(Work instruction): Write every line below out again, exactly as given, but leave out the pictures.

(Data excerpts):
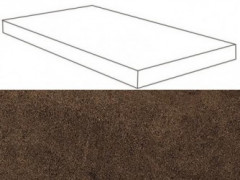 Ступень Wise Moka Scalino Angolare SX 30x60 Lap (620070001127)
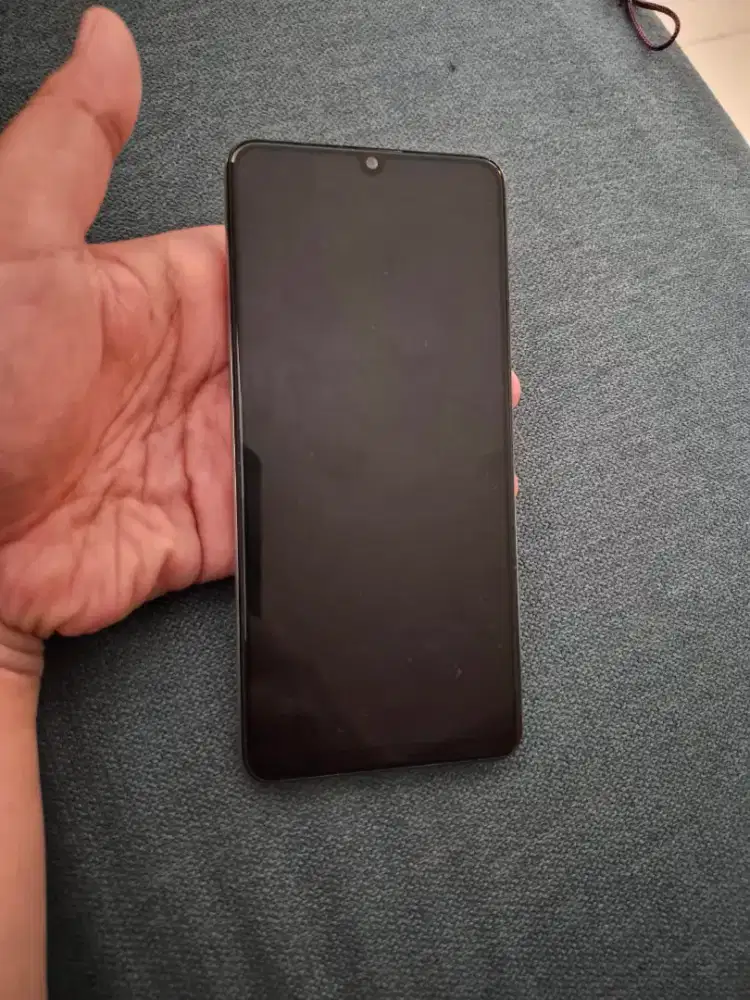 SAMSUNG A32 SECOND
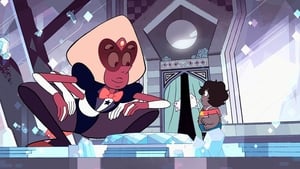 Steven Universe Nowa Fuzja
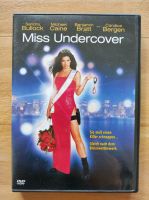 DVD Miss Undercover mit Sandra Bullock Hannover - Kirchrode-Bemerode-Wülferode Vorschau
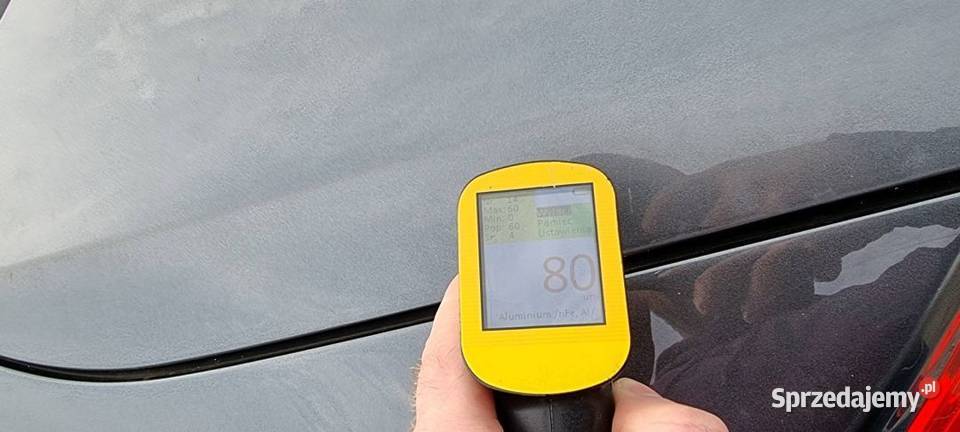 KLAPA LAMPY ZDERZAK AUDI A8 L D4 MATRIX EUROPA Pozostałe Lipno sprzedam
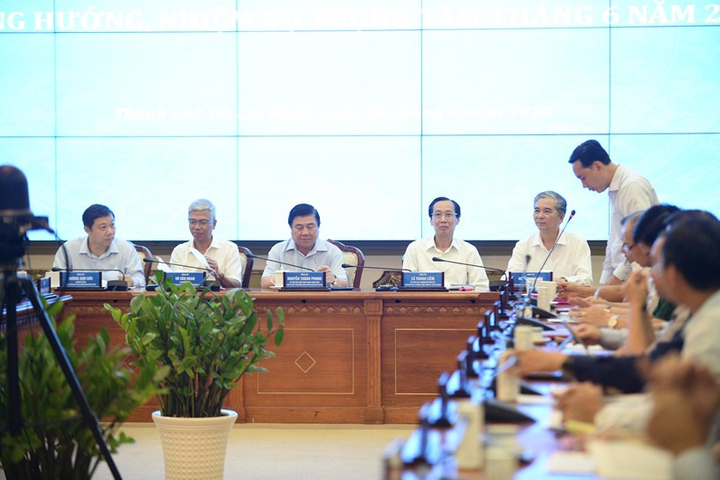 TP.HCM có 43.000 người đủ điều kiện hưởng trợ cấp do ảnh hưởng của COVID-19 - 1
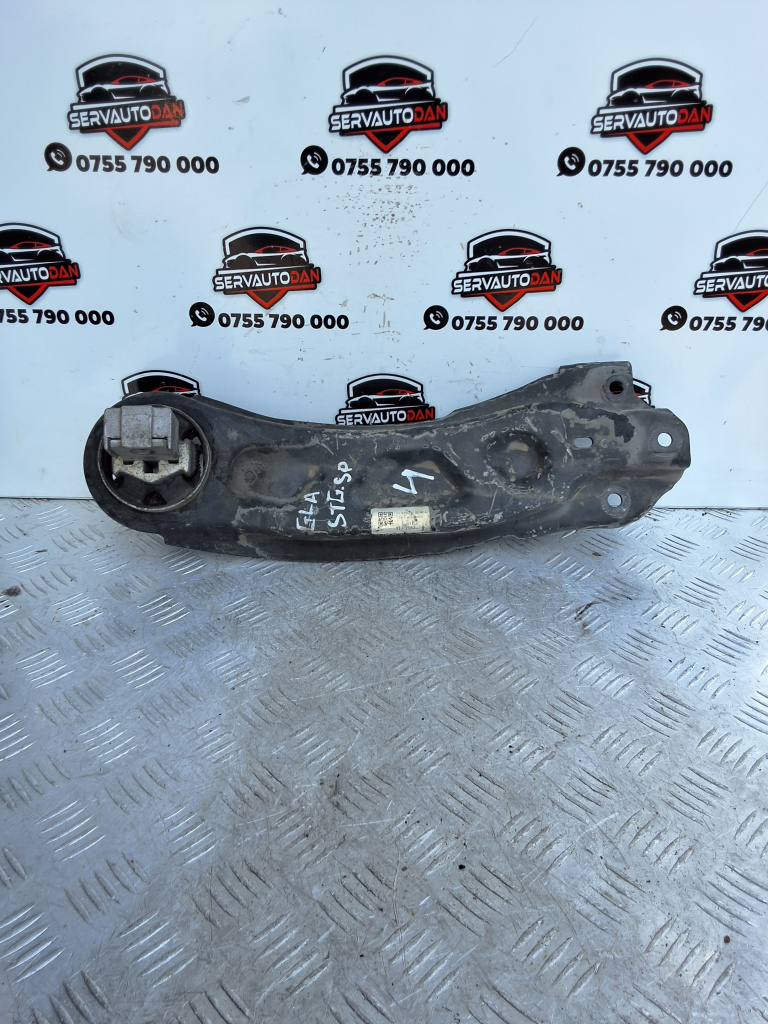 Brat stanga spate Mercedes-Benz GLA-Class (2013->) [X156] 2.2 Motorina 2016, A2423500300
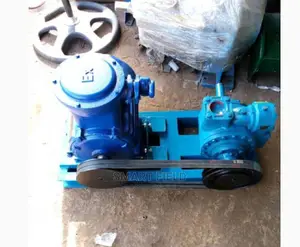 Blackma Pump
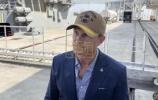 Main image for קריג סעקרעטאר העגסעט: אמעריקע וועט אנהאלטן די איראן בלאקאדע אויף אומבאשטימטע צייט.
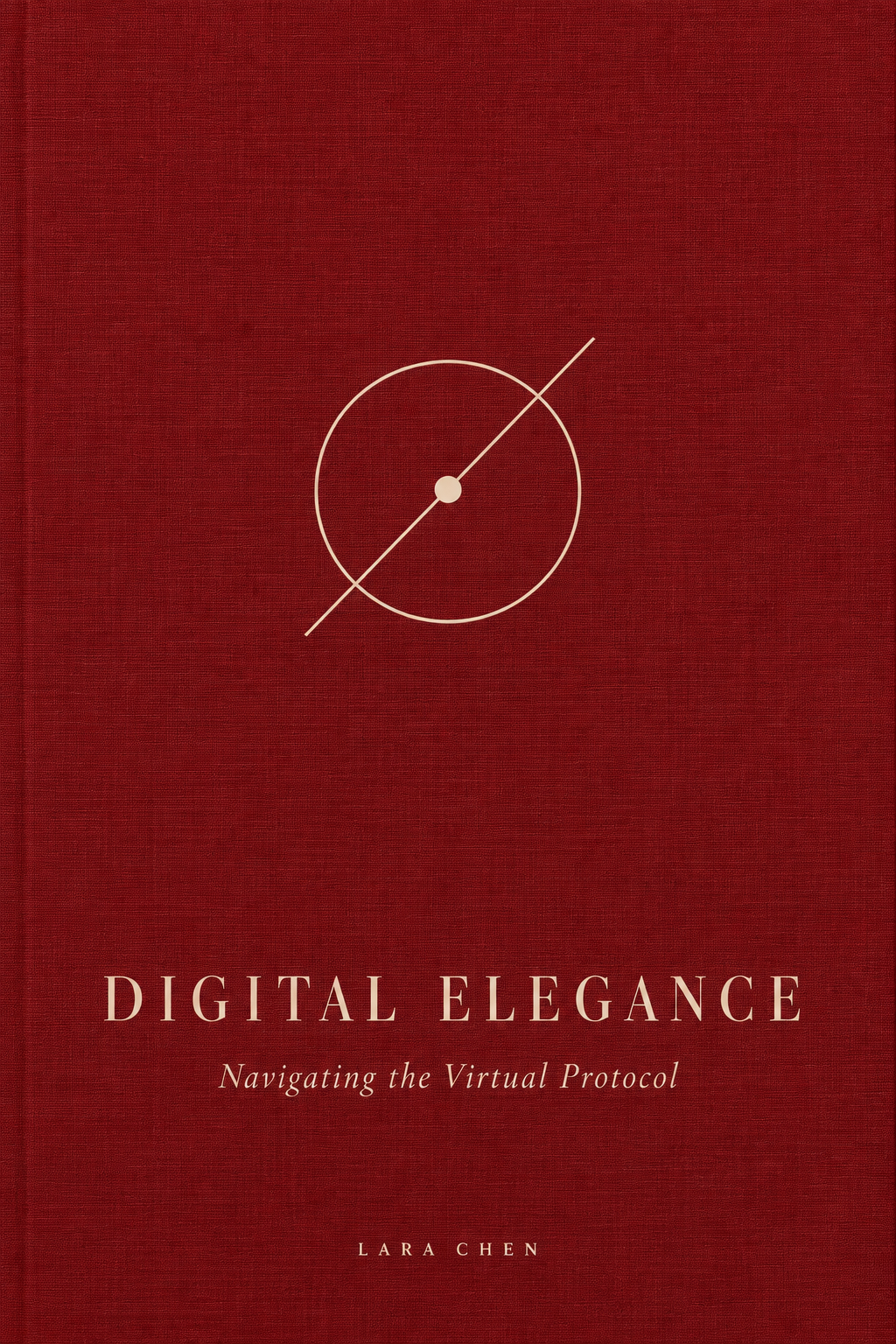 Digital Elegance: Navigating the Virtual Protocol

(Result of this task):
 Ступень Wise Moka Scalino Angolare SX 30x60 Lap (620070001127)
 SAMSUNG A32 SECOND
 Steven Universe Nowa Fuzja
 DVD Miss Undercover mit Sandra Bullock Hannover - Kirchrode-Bemerode-Wülferode Vorschau
 KLAPA LAMPY ZDERZAK AUDI A8 L D4 MATRIX EUROPA Pozostałe Lipno sprzedam
 TP.HCM có 43.000 người đủ điều kiện hưởng trợ cấp do ảnh hưởng của COVID-19 - 1
 Brat stanga spate Mercedes-Benz GLA-Class (2013->) [X156] 2.2 Motorina 2016, A2423500300
 Blackma Pump
 Main image for קריג סעקרעטאר העגסעט: אמעריקע וועט אנהאלטן די איראן בלאקאדע אויף אומבאשטימטע צייט.
 Digital Elegance: Navigating the Virtual Protocol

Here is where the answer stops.